Joe Masteroff, Librettist of Cabaret, Dies at 98 | Playbill

Obituaries Joe Masteroff, Librettist of Cabaret, Dies at 98 The Tony winner also wrote the books to She Loves Me and 70, Girls, 70.
Joe Masteroff Joseph Marzullo/WENN

Joe Masteroff, a musical bookwriter from Broadway’s golden age whose reputation rests primarily on two Harold Prince-directed shows, Cabaret and She Loves Me, died September 28, 2018, at the Actors Fund Home in Englewood, New Jersey. He was 98.

Masteroff’s two most famous libretti were among the most literate and play-like to be found on Broadway in the 1960s. Both were based on existing works. She Loves Me, composed by Jerry Bock and Sheldon Harnick, drew from Parfumerie by the Hungarian writer Miklos Laszlo, about two store clerks who mutually loathe each other, not knowing they are also one another’s admiring pen pals. (The same play was the basis of the movie The Shop Around the Corner.) Years later, New York Times critic Frank Rich said the “Schnitzler-flavored book for the musical is a model of construction and taste.”

Caberet, the musical work of John Kander and Fred Ebb, was based on both Christopher Isherwood’s The Berlin Stories and I Am a Camera, the John Van Druten play inspired by it. It followed writer Clifford Bradshaw through a disillusioning affair with both Weimer Germany and one of its decadent denizens, Sally Bowles. Mr. Masteroff was nominated for a Tony Award for She Loves Me in 1964. He won three years later for Cabaret.

Mr. Masteroff had one more significant Broadway credit, the 1971 short-lived Kander and Ebb musical 70 Girls 70. He was also brought in to doctor Jerry Herman's Dear World in 1969.

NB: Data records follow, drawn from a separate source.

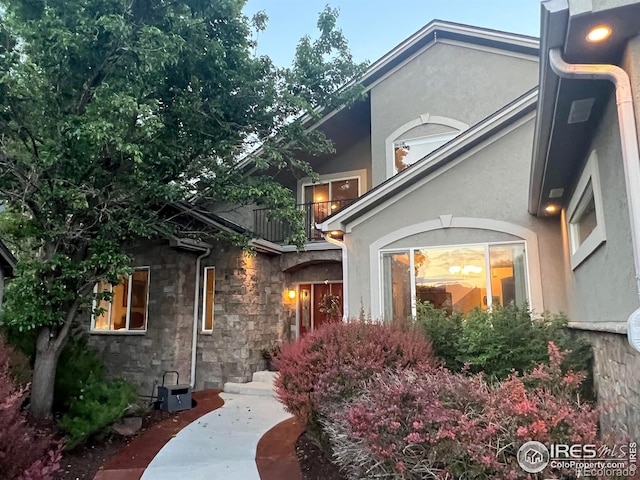 1402 Westfield Dr, Fort Collins, CO 80526 - view of front of house with a balcony, stucco siding, and stone siding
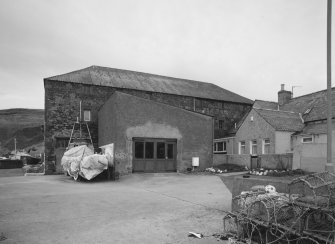 General view from E, showing the former granary block forming the E side of the building (now used as workshop and store for cabinet maker, but previously converted to ice store for white fish following erection of fish processing works on W side in 1896)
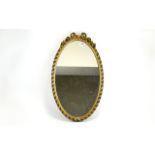 Mirror Oval mirror in dark gilt frame wi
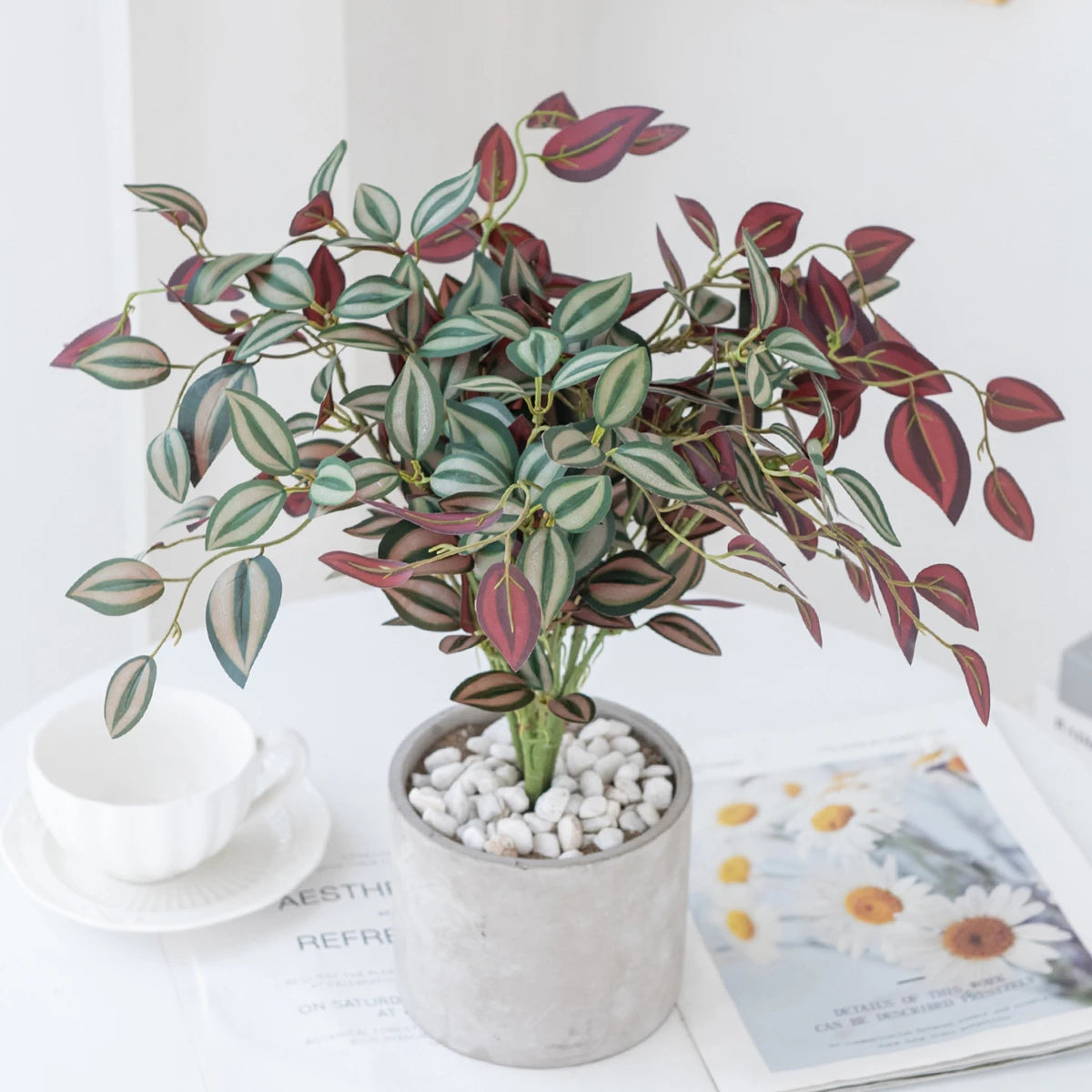 Artificial bonsai tree with green and reddish leaves potted in a gray ceramic container
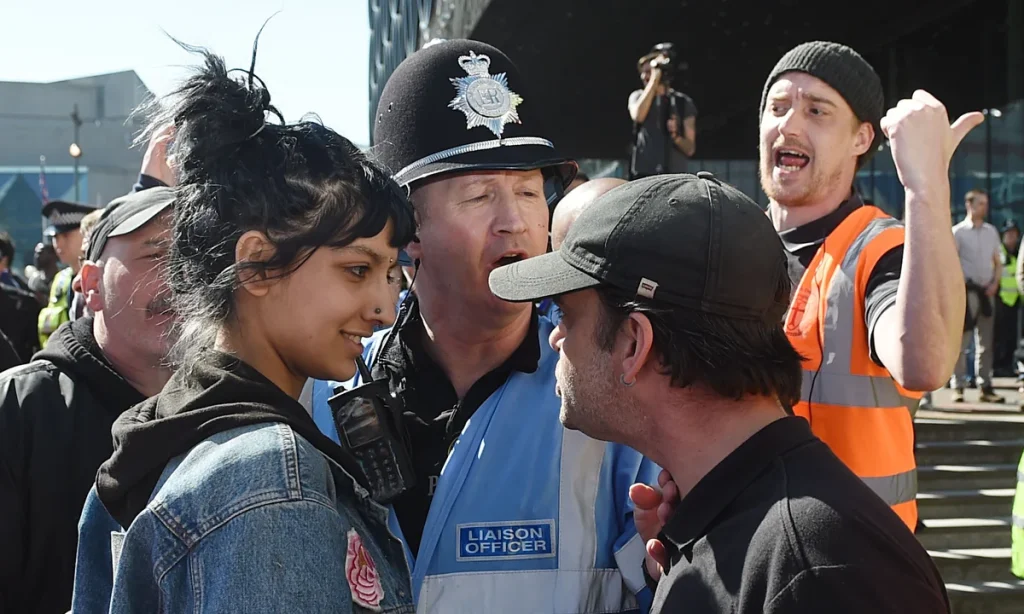 Saffiyah Khan standing calmly in front of an English Defence League protester in Birmingham, 2017.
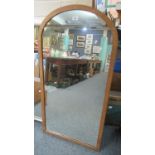 Two modern mirrors, one with an oak frame and dome top, the other painted of rectangular form. (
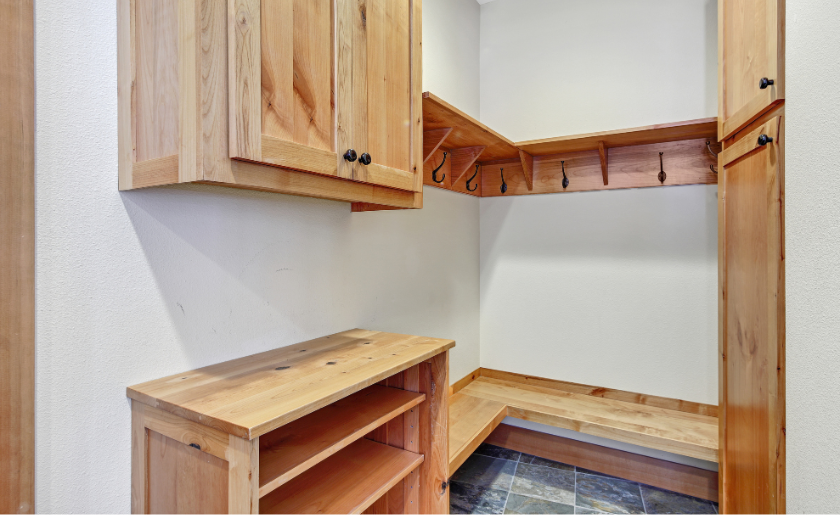 Corner mudroom with wood furniture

Born in Philadelphia on December 11, 1919, he studied at Temple University and the American Theatre Wing, and began his theatre career as an actor, making his Broadway debut in that capacity in The Prescott Proposals in 1953. Six years later, he reappeared on Broadway as a playwright with The Warm Peninsula, a Julie Harris vehicle that ran a few months.

While not a success, The Warm Peninsula attracted the attention of producer Lawrence N. Kasha. “Larry came to Jerry and me with this proposal,” Harnick told the New York Times, “and said, ‘There’s a young playwright who did a show with Julie Harris called The Warm Peninsula, and we’d like to use him.’ And we had seen it and said it sounds great to us.”

“I told them, ‘I’ve never written a musical,’“ recalled Masteroff, “and Sheldon said, ‘Don’t write a musical; write a play.’ When I came to a place where I thought there should be a song, I would write it as a monologue. A lot of book writers say, ‘Here there would be a song in which she says how much she loves him.’ I just wrote the whole thing, and then Sheldon would use some of that material or not.”

For his libretto, Masteroff was inspired mainly by the 1940 movie, which starred James Stewart. “I was always fascinated with the thought,” he said, “that the show took place about 1938, and I said in two years a lot of the people are going to be dead, or their lives totally ruined, and it fascinated me. It gave the material such another twist that there was always that underlying darkness. And maybe some of the cynicism in the script came from that.”

In Cabaret, Masteroff was dealing with the same weighty time period, though the action was set not in Hungary but in Germany. Prince had acquired the rights to the material, and had commissioned Masteroff to write the book, throwing out an existing book and score by Sandy Wilson. Masteroff’s dark, forboding libretto was distributed between presentational, neo-Brechtian Kander and Ebb songs sung by Bowles and the sinister Emcee at the Kit Kat Club.

In 1996, Masteroff resurfaced with Paramour, a new musical he wrote with Howard Marren based on Waltz of the Toreadors by Jean Anouilh. He wrote both the book and lyrics. The show was workshopped at the O’Neill Theater Center in Waterford, Connecticut, and then presented at the Old Globe in 1998. He also wrote the libretto for an operatic adaptation of O’Neill’s Desire Under the Elms.

Masteroff is survived by his niece, Judith Weiner of Boca Raton, Florida.